Comment by sillyfluke

4 days ago

Hah, this reminds me of the Isaac Asimov story about catching Nazi spies inflitrating the US...

Given Americans' general indifference to perfect grammer, if it "sounds" right they usually don't make a fuss. So they might have learned something new as well.

I haven’t read the Asimov story, but it was probably based on this true event:

As a result, U.S. troops began asking other soldiers questions that they felt only Americans would know the answers to in order to flush out the German infiltrators, which included naming state capitals, sports and trivia questions related to the U.S., etc. This practice resulted in Brigadier General Bruce C. Clarke being held at gunpoint for some time after he incorrectly said the Chicago Cubs were in the American League[7][8][9][10] and a captain spending a week in detention after he was caught wearing German boots. General Omar Bradley was repeatedly stopped in his staff car by checkpoint guards who seemed to enjoy asking him such questions. The Skorzeny commando paranoia also contributed to numerous instances of mistaken identity. All over the Ardennes, U.S. soldiers attempted to persuade suspicious U.S. military policemen that they were genuine GIs.

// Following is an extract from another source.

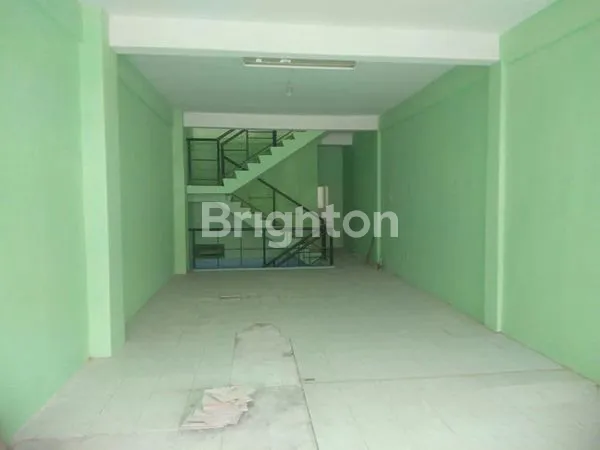 image RUKO 3.5 LT SIAP PAKAI AREA KOMERSIAL DI PENGAMPON SQUARE SURABAYA (2)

https://en.wikipedia.org/wiki/Operation_Greif

> "sounds" right

This is how it actually works. The brain machine learns from available data and sorts out which is correct. "Sounds right" is the output from that neural network. The "rules" are then derived from what some set of people think sounds right.

Hi, American here and "how" + "to look like" makes my teeth itch. However, people generally find grammar corrections to be needlessly pedantic when the erroneous grammar does not impede comprehension, so I've personally decided to choose my grammatical battles and simply fume about people talking about "how something looks like" in private instead.

  • I generally also choose to keep such complaints private, and I'm not sure what whim motivated me to speak up this time. Rather to my surprise, this trivial gripe has been voted up more than almost anything else I've written here over the last sixteen years. It would seem that there actually is, in some contexts, somehow, at least some appetite for grammatical pedantry!

    • Language is tricky. One of the trickiest things! There's so much tied up in it, objective and subjective. It's a simple tool. It's an academic object. It's a well-defined spec. It's a living ambiguous blob. But it's also one of the biggest pieces of one's culture. There's a reason the French are so possessive of their language where it lives in cultural exclaves. There's a reason the Irish have laws to keep their native language alive.

    • You're writing in a forum whose members are known to be notoriously pedantic. You're in good company!

  • I can see at least two grammatical errors in your first two sentences. Imagine being a grammar pedant and missing a comma before the conjunction linking two independent clauses.